Welcome to WebmasterWorld Guest from 107.20.75.63

Message Too Old, No Replies

Added %c0 in urls - problem in google or in my server?

     
2:06 pm on Aug 22, 2006 (gmt 0)

New User

10+ Year Member

joined:Aug 10, 2005
posts:5
votes: 0


Two directories of my website are not in google cache since april 2006.
Now some pages of these directories returned in google search but the address is strange.
Example:
- the good address is: www.mywebsite.com/web/musica/povia.asp
- the address in google search is:
www.mywebsite.com%c0/web/musica/povia.asp
What's the problem, it's a google problem or a problem with my
webserver?
All the others directories of my website have not this problem in
google search.

Thanks and excuse me for my bad english, Franco

10:07 am on Aug 23, 2006 (gmt 0)

New User

10+ Year Member

joined:Aug 10, 2005
posts:5
votes: 0


Sorry for my reply, but today another discovery:

1) site:www.mysite.com/directory_disappeared --> not pages in cache

2) site:www.mysite.com%c0/directory_disappeared --> All pages in cache

Can anyone help me?

5:28 pm on Sept 6, 2006 (gmt 0)

New User

5+ Year Member

joined:Aug 31, 2006
posts: 2
votes: 0


Hi,

Same problem with my site.

www.mysite%cO.com is showing cached page in google.
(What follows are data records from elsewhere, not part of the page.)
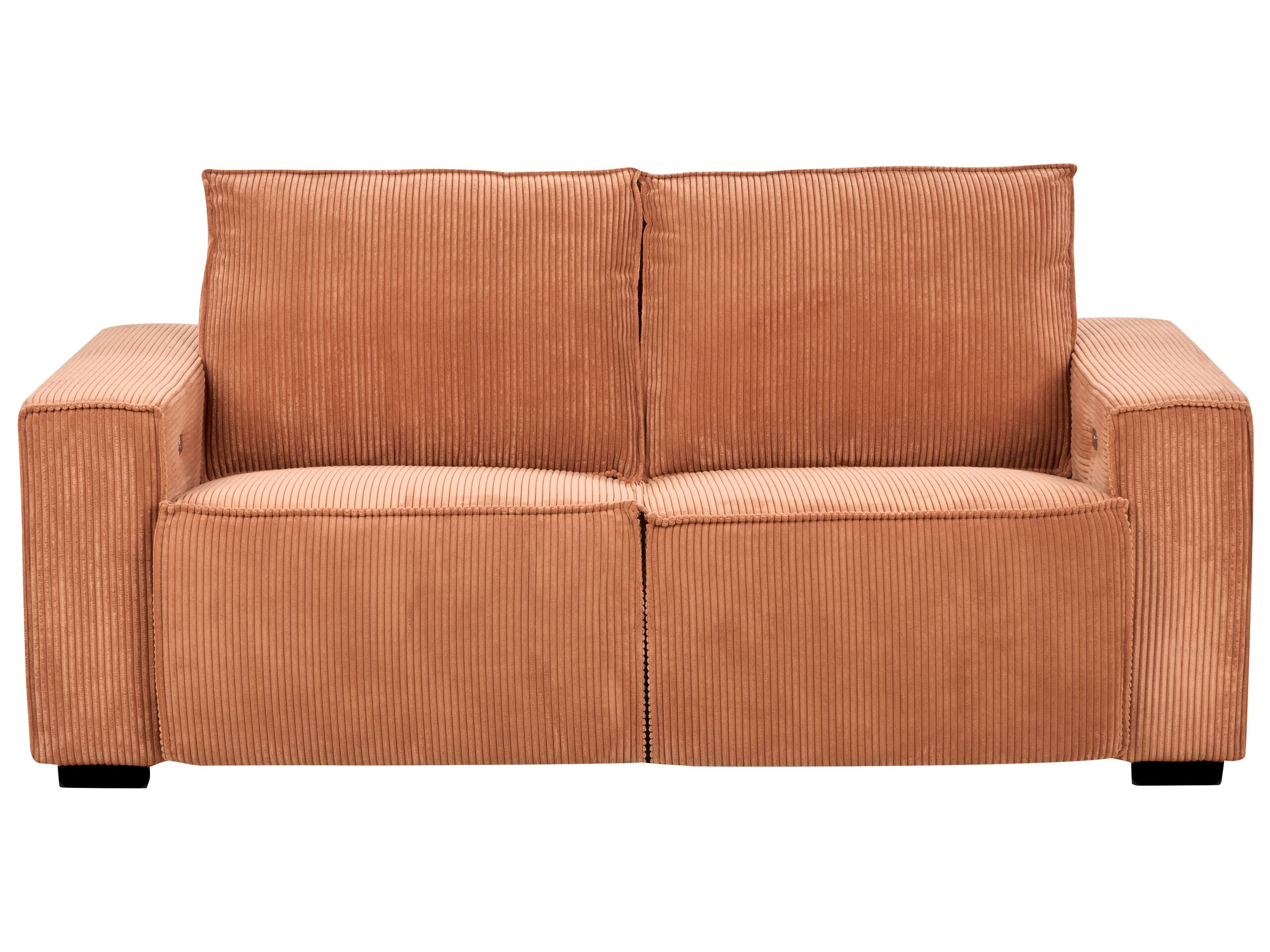 Sofa 3-osobwa regulacja sztruksowa pomarańczowa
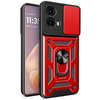 Heavy Duty Shockproof Case / Slide Camera Cover for Motorola Moto G85 - Red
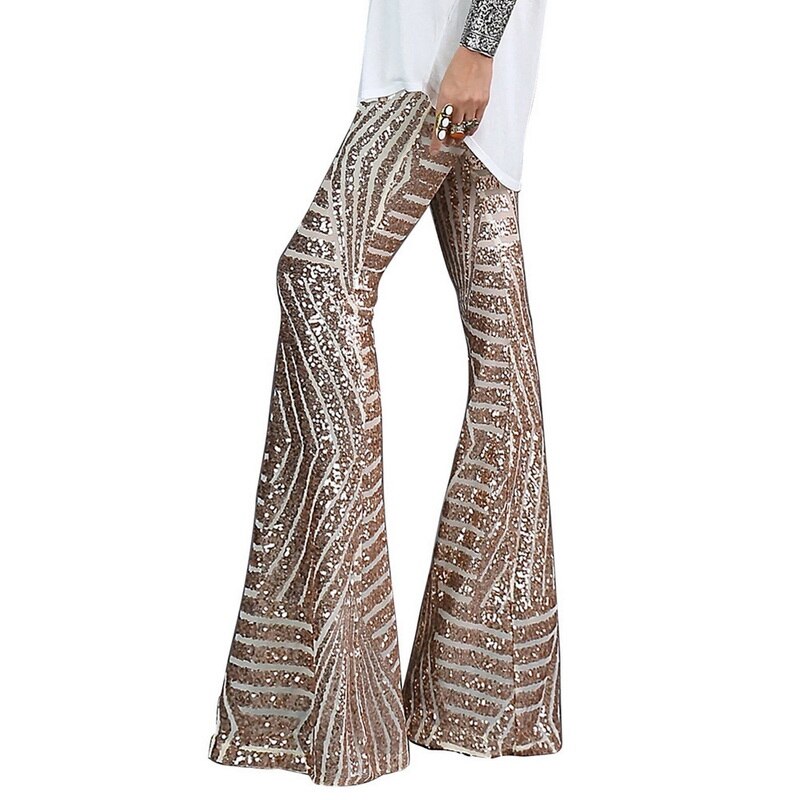 Glitter Flared Broek Bruin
but www.mysite.com doesn't.

Pls help us.

Thanks/

5:59 am on Sept 7, 2006 (gmt 0)

Preferred Member

10+ Year Member

joined:Aug 14, 2004
posts:602
votes: 0



Just pulling up the post, I find it interesting.

I think that Google has serious basic issues at the moment, I wonder why this one happened.

6:16 am on Sept 7, 2006 (gmt 0)

Senior Member

WebmasterWorld Senior Member tedster is a WebmasterWorld Top Contributor of All Time 10+ Year Member

joined:May 26, 2000
posts:37301
votes: 0


I was trying to research this -- to see how various servers handled the extra character after the domain extension. What I discovered is that different BROWSERS do different things:

1. IE removes the extra character, but apparently still looks for the bogus domain name because I get a 404
2. Firefox keeps the extra character, and of course I get a 404
4. Opera removes the extra character and then requests the corrected domain name, which resolves.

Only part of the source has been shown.